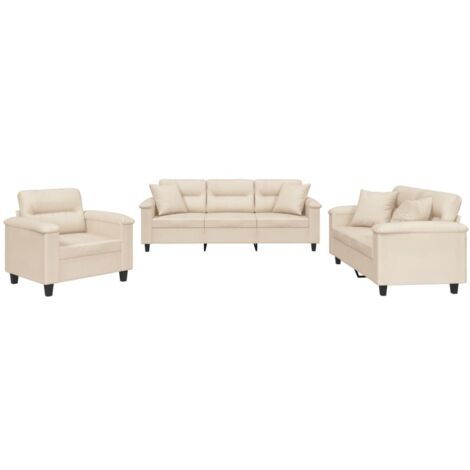 vidaXL Set Divani 3 pz con Cuscini Beige in Tessuto Microfibra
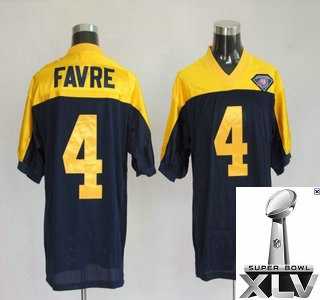Green Bay Packers 4 Brett Favre Blue Yellow Throwback Jerseys {2011 Super Bowl Xlv }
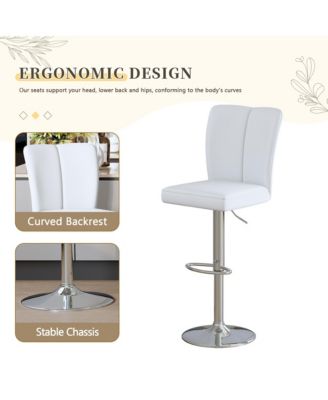 Adjustable Bar Stools Set of 2, Swivel PU Leather Counter Height Chairs with Back and Trumpet-shaped Metal Legs for Kitchen Island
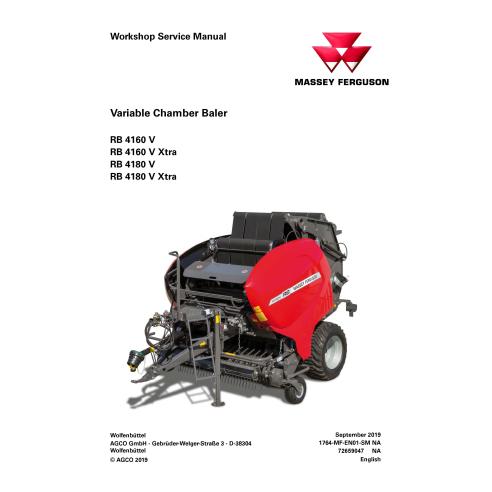 Massey Ferguson RB 4160, RB 4180 V Xtra empacadora pdf manual de servicio - Massey Ferguson manuales - MF-72659047-EN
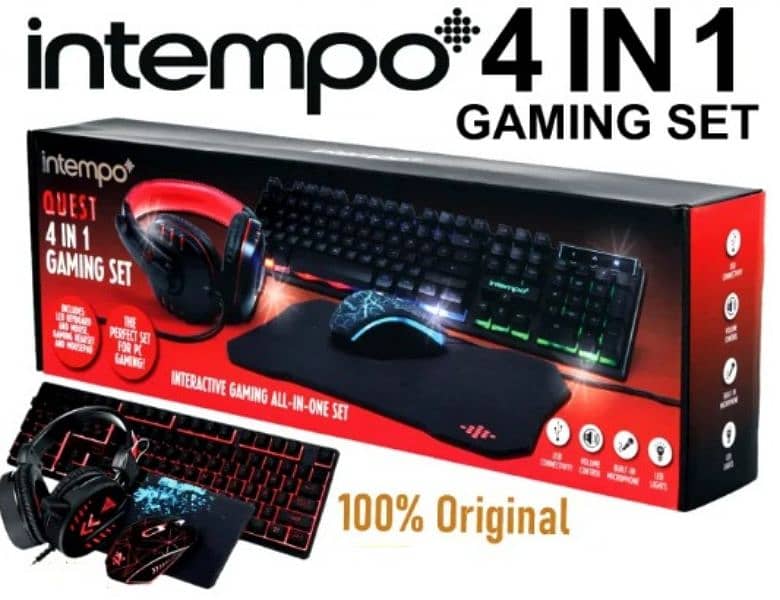 Gaming Keyboard Mouse Headphone and Mousepad Set 0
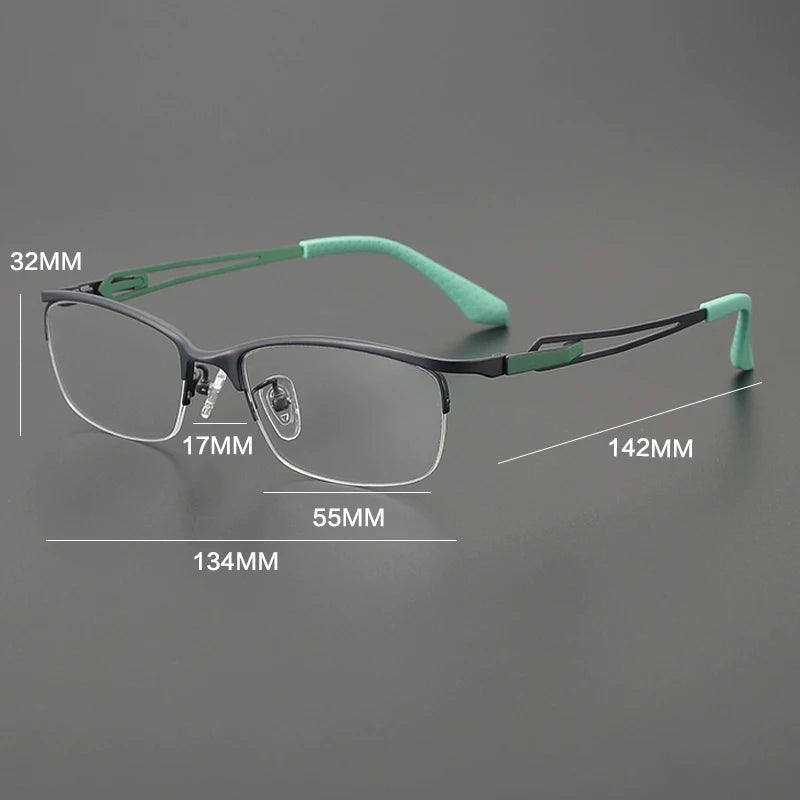 Gatenac Women's Semi Rim Square Brow Line Titanium Eyeglasses Gx185867
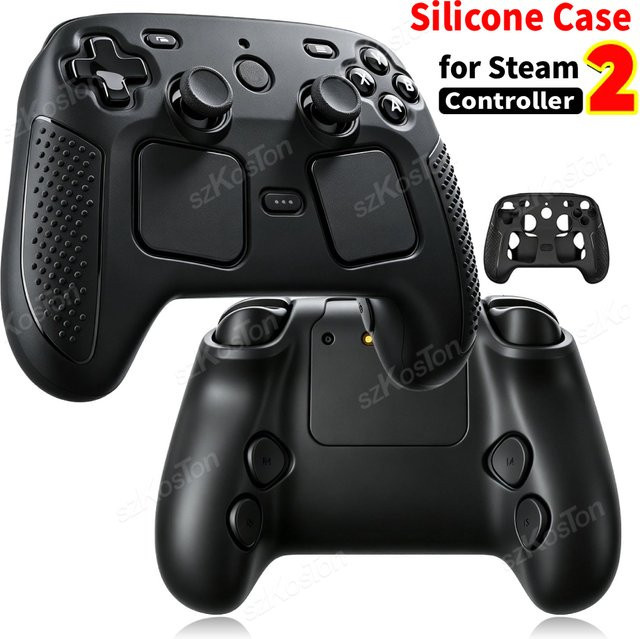 SZKOSTON Silikon-Schutzhülle für Steam Controller 2 in Schwarz, rutschfeste und stoßfeste Schutzschale - Bild 1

▸ **Exercise description**: In the reply, give again exactly the lines from the beginning of the entries above through the line with "Gatenac Women's Semi"; pictures stay out.

▸ **Answer section**:
 vidaXL Set Divani 3 pz con Cuscini Beige in Tessuto Microfibra
Green Bay Packers 4 Brett Favre Blue Yellow Throwback Jerseys {2011 Super Bowl Xlv }
 Adjustable Bar Stools Set of 2, Swivel PU Leather Counter Height Chairs with Back and Trumpet-shaped Metal Legs for Kitchen Island
 Massey Ferguson RB 4160, RB 4180 V Xtra empacadora pdf manual de servicio - Massey Ferguson manuales - MF-72659047-EN
 Gaming Keyboard Mouse Headphone and Mousepad Set 0
 Gatenac Women's Semi Rim Square Brow Line Titanium Eyeglasses Gx185867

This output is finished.